Experten erachten diese Maßnahmen allerdings als nicht ausreichend. Kindergartenpädagogen wären überfordert, die Gruppen zu groß und die Muttersprachen der Kinder würden nicht ausreichend gefördert. Außerdem wird kritisiert, dass das Geld nicht ausreiche, um alle Kinder gleichermaßen zu unterstützen. Wenn die Förderung beispielsweise erst im Alter von fünf Jahren beginne, sei das viel zu spät. "Mit einem Jahr ist überhaupt nichts getan, denn Sprache funktioniert über Beziehung. Und Beziehung ist eine Frage der Zeit", so Heidemarie Lex-Nalis von der Bildungsplattform EduCare gegenüber Ö1.

Ähnlich sieht dies Rudolf de Cillia vom Institut für Sprachwissenschaften der Universität Wien. Sprachförderung müsse früher beginnen, und daher wäre es sinnvoll, wenn Kinder schon mit drei oder vier Jahren in den Kindergarten gehen. Um die Besucherzahl im Kindergarten zu erhöhen, müsste er allerdings gratis sein. Denn für viele Eltern sei dies auch eine Kostenfrage. Außerdem fordert der Sprachwissenschaftler, dass der Bund mehr Geld in die Hand nehme, um auch die "mitgebrachte" Muttersprache der Kinder zu fördern.

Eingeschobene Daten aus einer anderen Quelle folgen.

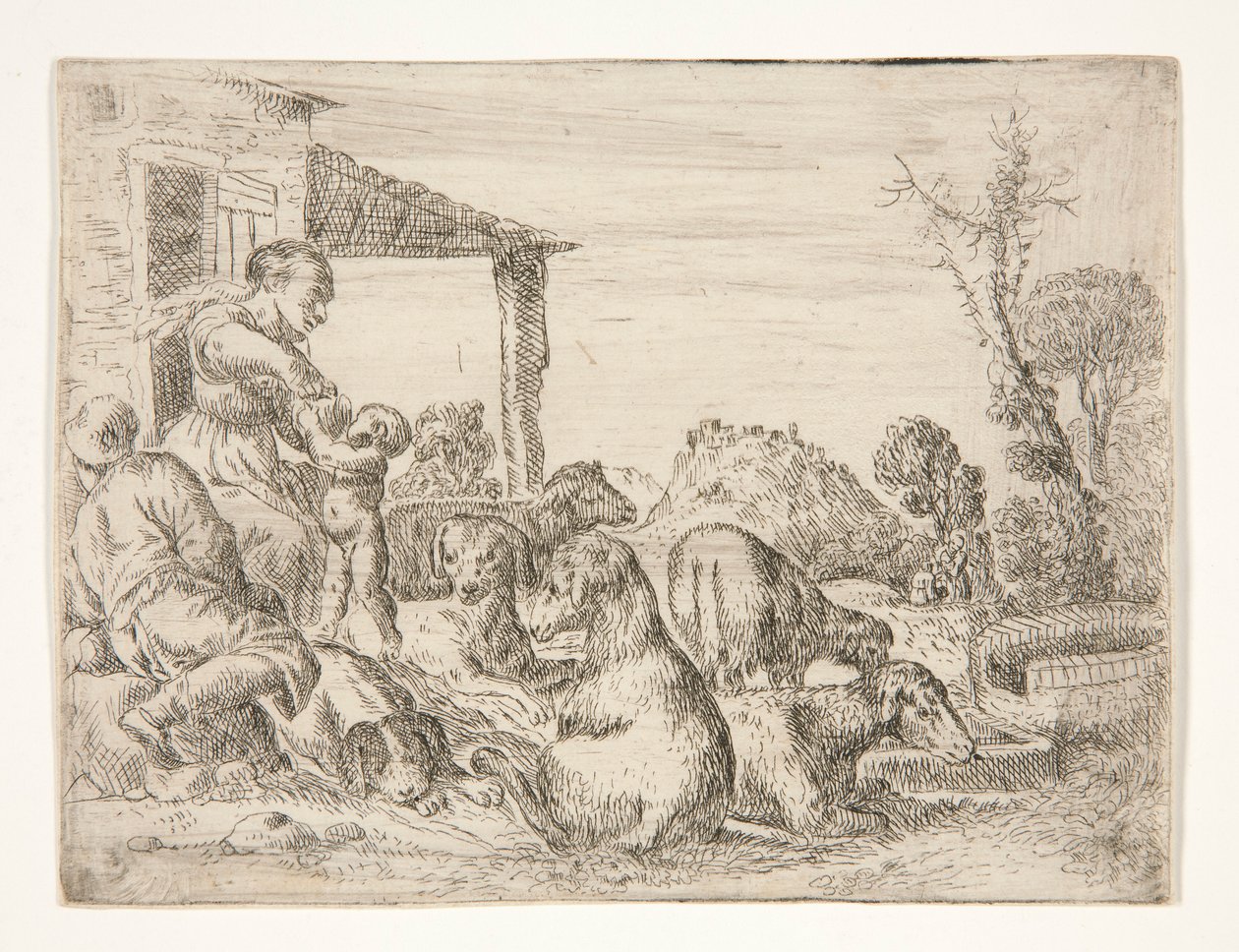 Zonder titel (Boerenfamilie met honden en lammeren in een landschap) door Unknown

Muttersprache oder Deutsch - was zuerst?
Ob zuerst die Muttersprache beherrscht werden muss, bevor Deutsch gelernt werden kann, oder ob beide Sprachen parallel erlernt werden können, da gehen die Meinungen der Experten auseinander. Während Lex-Nalis gegenüber Ö1 betont, dass die Muttersprache die Grundlage jedes Lernens sei, sieht dies der Sprachwissenschaftler der Uni Wien anders. Kinder könnten auch zwei Sprachen parallel lernen und müssten die Muttersprache nicht perfekt beherrschen, um Deutsch zu lernen. Diese Ansicht unterstützt auch die Bildungsexpertin der Arbeiterkammer, Ulrike Gollonitsch-Gehmacher.

Um auf die unterschiedlichen Bedürfnisse der Kinder besser eingehen zu können, wäre eine bessere Ausbildung von Nutzen. Wie die Experten betonten, sei ein akademischer Abschluss für alle Kindergartenpädagogen erforderlich.